The exhibition describes the artist’s condition, his oeuvre is indeed a personal way of dealing with contrasting identities and influences in his life, having been born and raised in Nigeria but for many years, living and working in the United Kingdom.
 
Today, several Nigerian artists share this condition of hybridity, many of whom have either been born, raised in the diaspora and relocated to Nigeria or studied and presently live and work in the diaspora. Unlike many of them who feel perhaps a sense of shame, loss or displacement, Adegborioye depicts memories drawn from his childhood in Nigeria. But they are not always happy yearnings as the title of the exhibition suggests.
 
Though reminiscent of a past growing up in Nigeria, a few of the works speak of persistent social ills and impoverishment brought about by the military dictatorship and corrupt politicians that have served the country for several decades.

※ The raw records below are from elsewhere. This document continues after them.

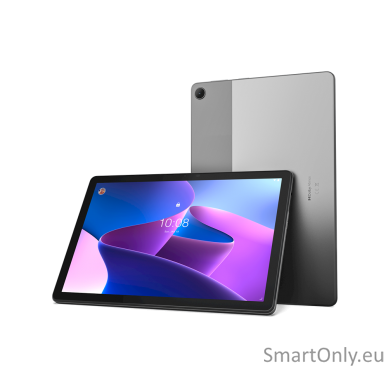 Lenovo Tab  M10 (3rd Gen) TB328XU 10.1 ", 	Storm Grey, 1920 x 1200 pixels, Unisoc T610, 4 GB, Soldered LPDDR4x, 64 GB, 3G, Wi-Fi, 4G, Front camera, 5 MP, Rear camera, 8 MP, Bluetooth, 5.0, Android, 11, Warranty 24 month(s), ARM Mali G52 3EE 2-Core 6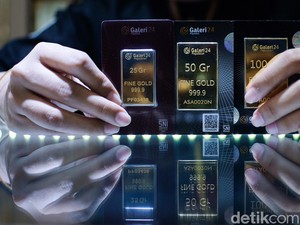Harga Emas Hari Ini di Semarang 2 Agustus 2024: Pegadaian Naik Rp6-21 Ribu
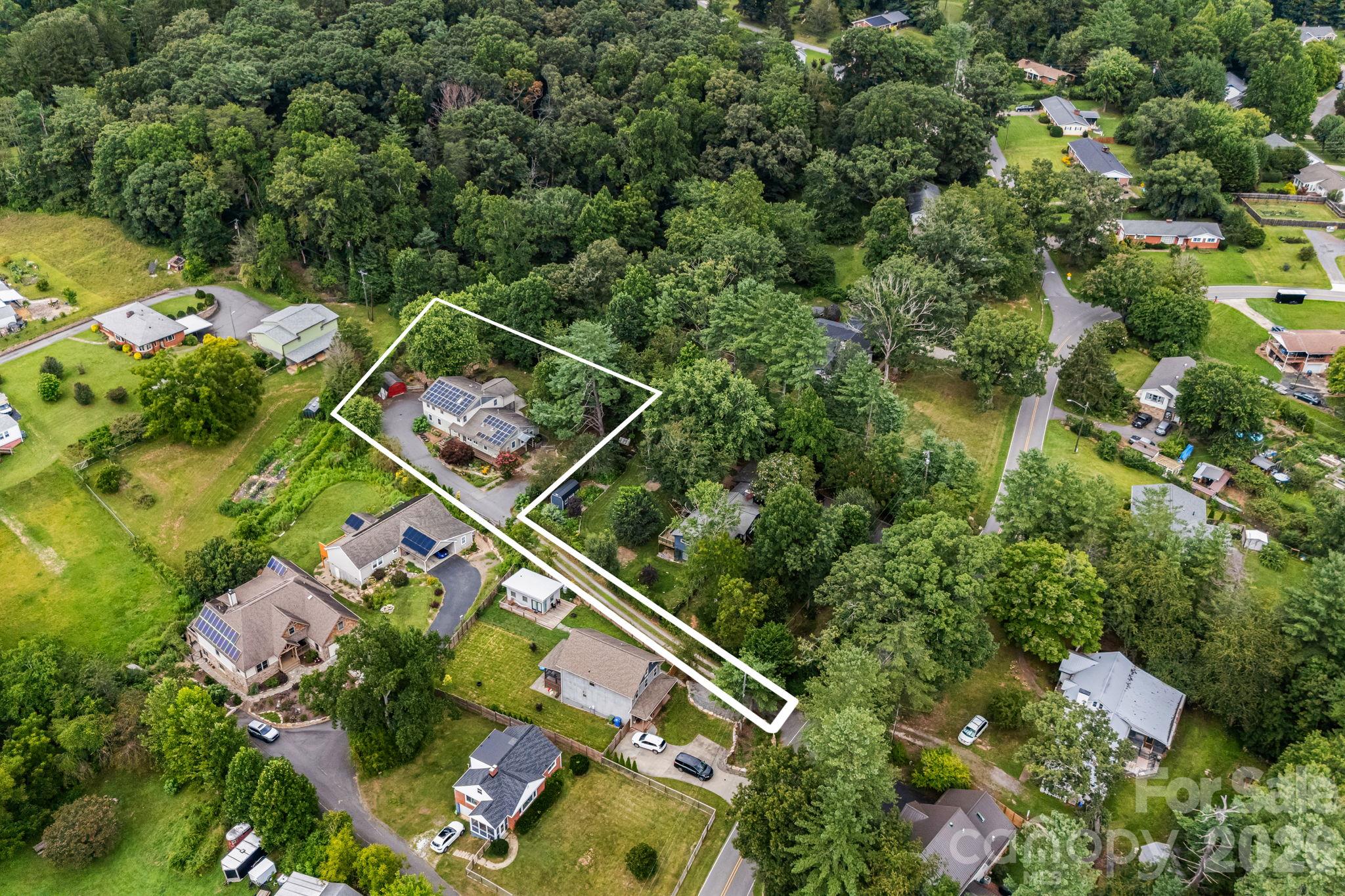 414 Old Haw Creek Road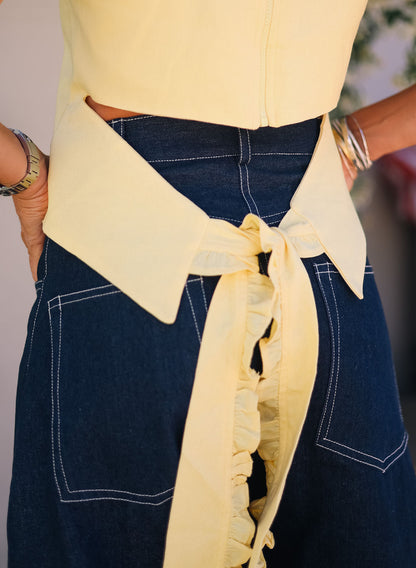 Blossom Bow Top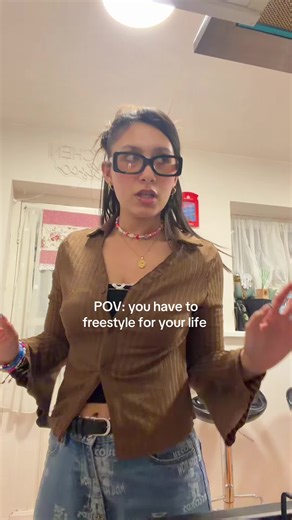 Freestyle like your life depends on it! #freestyler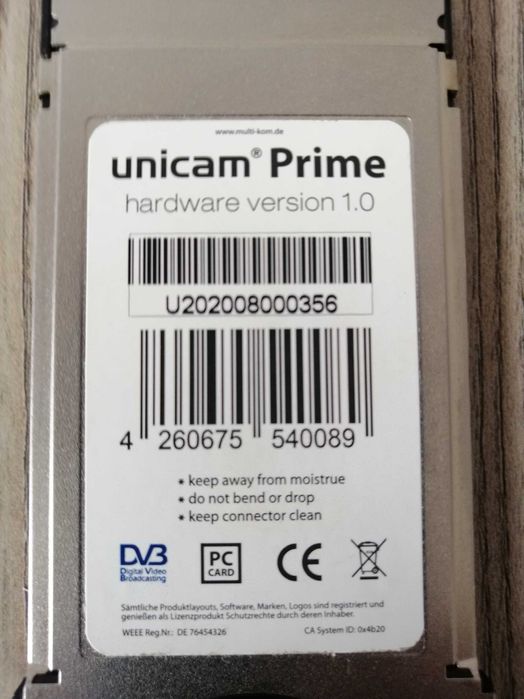 Moduł ci Unicam Prime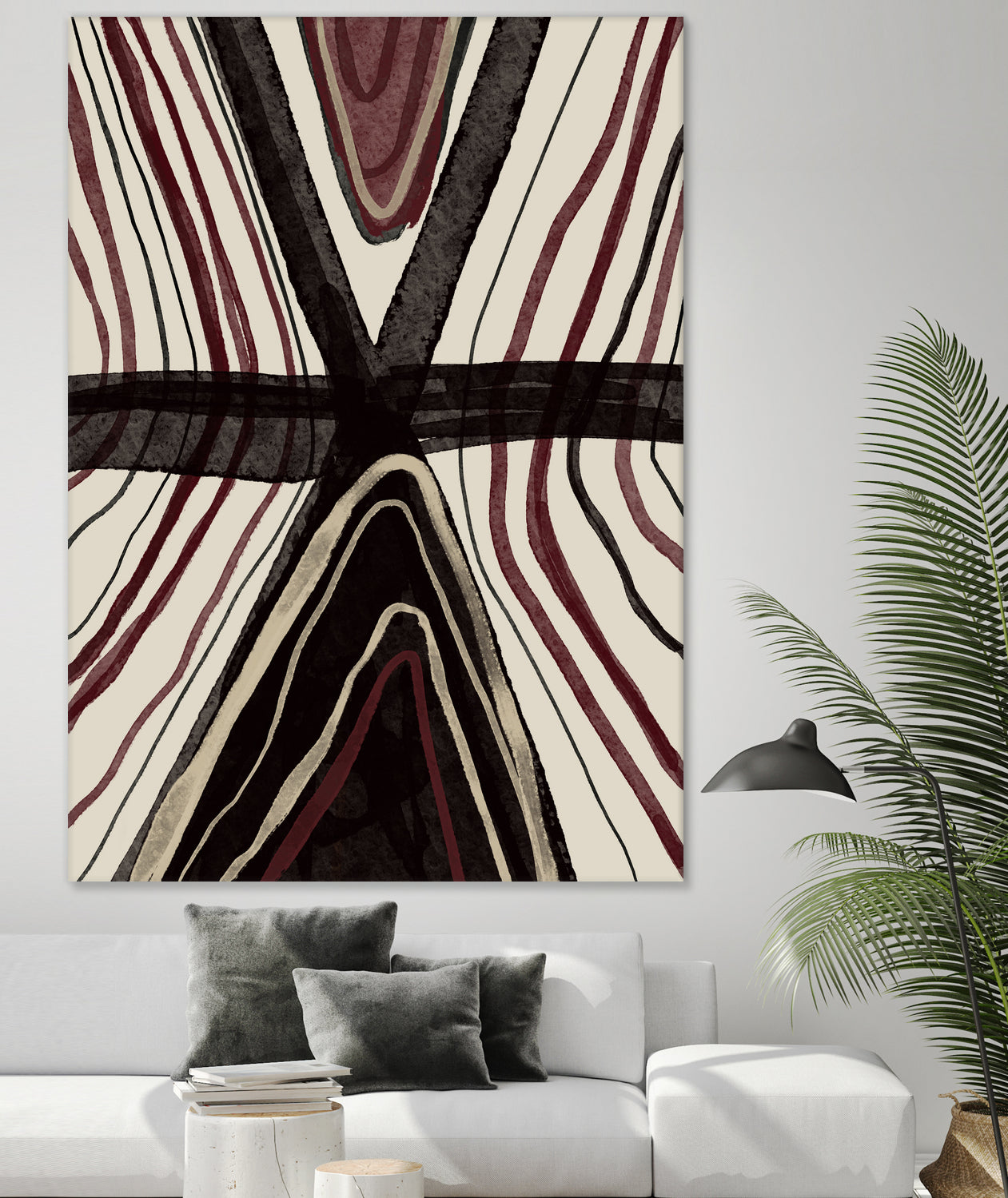 Movement I by Gemma Bardot on GIANT ART - abstract gemma bardot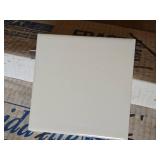 Lot of (140) Florida Tile Tile 1/4" x 4-3/8" x 4-3/8"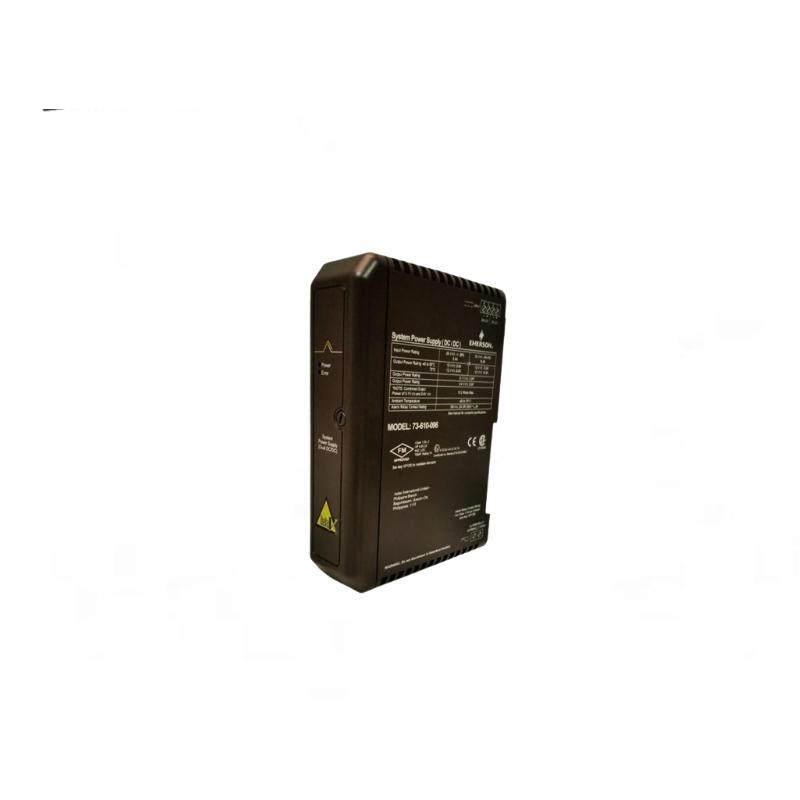 EMERSON VE5009 KJ1501X1-BC3 12P3935X022 Enhanced System Power Supply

These hardships, the artist has accentuated in his canvases by the incorporation of texts gleaned from newsprint.
 
Kunle Adegborioye is successful in establishing a trans-Atlantic practice shuttling between Nigeria and the United Kingdom to facilitate his research. Though his work is informed primarily by his experiences in Nigeria, the narrative is not concerned with a search for roots, but about maintaining a presence amidst others who share his world. This world, he then creates and populates, perhaps by understandably casting himself in the characters.
 
Adegborioye has completed a Masters of Art at the Camberwell College of Arts, London, but his works retain much of the strongly figurative tradition of Yaba College of Technology, which he earlier attended while based in Lagos, Nigeria.
 
In all, the works are strongly individual and showcase an artist of sound technical ability and a deep understanding of society. Collectively, they capture our reality, offer hope and will remain powerful and relevant long past their time of creation.